A Mexican-Born DREAMer Is Taking Legal Action To Halt Trump’s Reversal Of DACA
This article originally appeared on Buzzfeed

Immigrant rights lawyers opened the first legal front against the Trump administration’s decision to end the Deferred Action for Childhood Arrivals program, known as DACA, hours after it was announced by Attorney General Jeff Sessions on Tuesday.

In a court filing Tuesday afternoon, attorneys asked a federal judge in Brooklyn to allow them to amend an existing lawsuit filed on behalf of a Mexican-born man — who came to the United States when he was seven years old and received work authorization under DACA — to address Tuesday’s policy change.

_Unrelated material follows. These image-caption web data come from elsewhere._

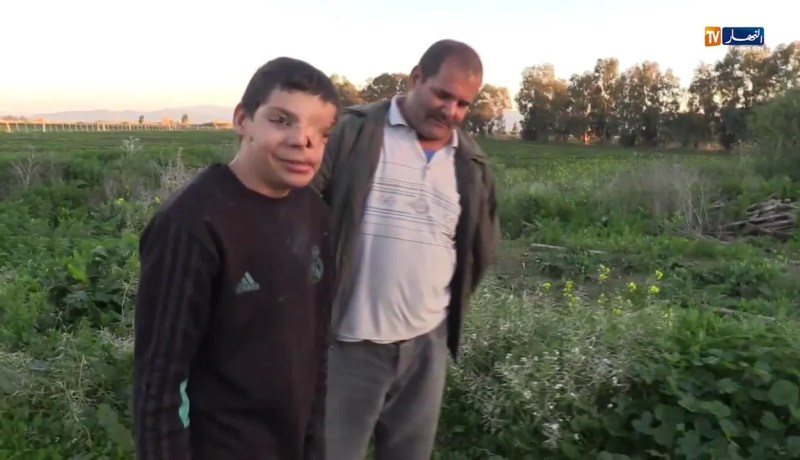 الطارف.. التشوه الخلقي يحول حياة الطفل صبري الى جحيم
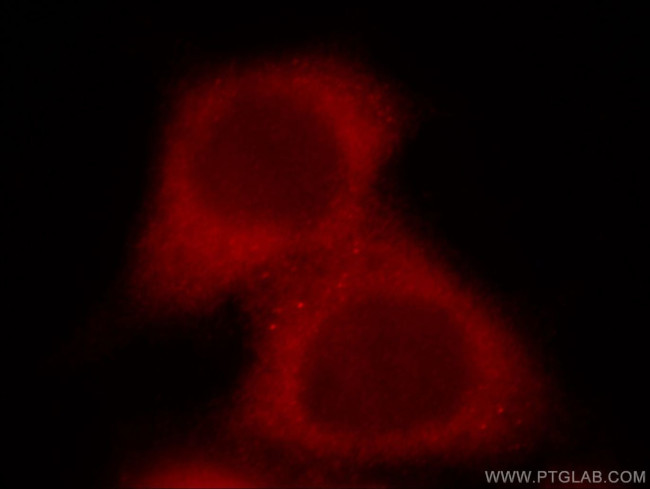 STIP1 Antibody in Immunocytochemistry (ICC/IF)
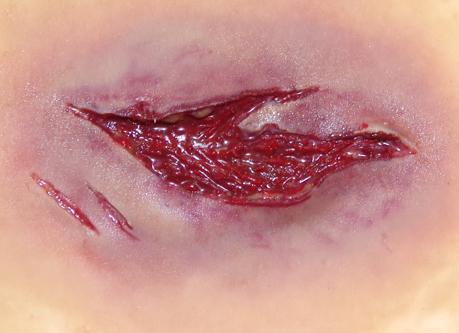 Self Adhesive Wounds Laceration Medium Tactical Distributors Ltd New Zealand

Lawyers for the plaintiff, Martín Batalla Vidal, said they planned to raise two claims against the administration’s decision to end DACA: First, that officials failed to offer a “reasoned explanation” for the move, in violation of the federal Administrative Procedure Act, and, second, that the decision was unconstitutionally “motivated by anti-Mexican and anti-Latino animus.”

“This administration has no interest in trying to find a compassionate solution,” Marielena Hincapié, the executive director of the National Immigration Law Center, said in a press call Tuesday afternoon. The center is representing Vidal along with Make the Road New York, and the Worker & Immigrant Rights Advocacy Clinic WIRAC at the Yale Law School.

Democratic state attorneys have also indicated that they’ll take legal action to try to stop the administration from ending DACA.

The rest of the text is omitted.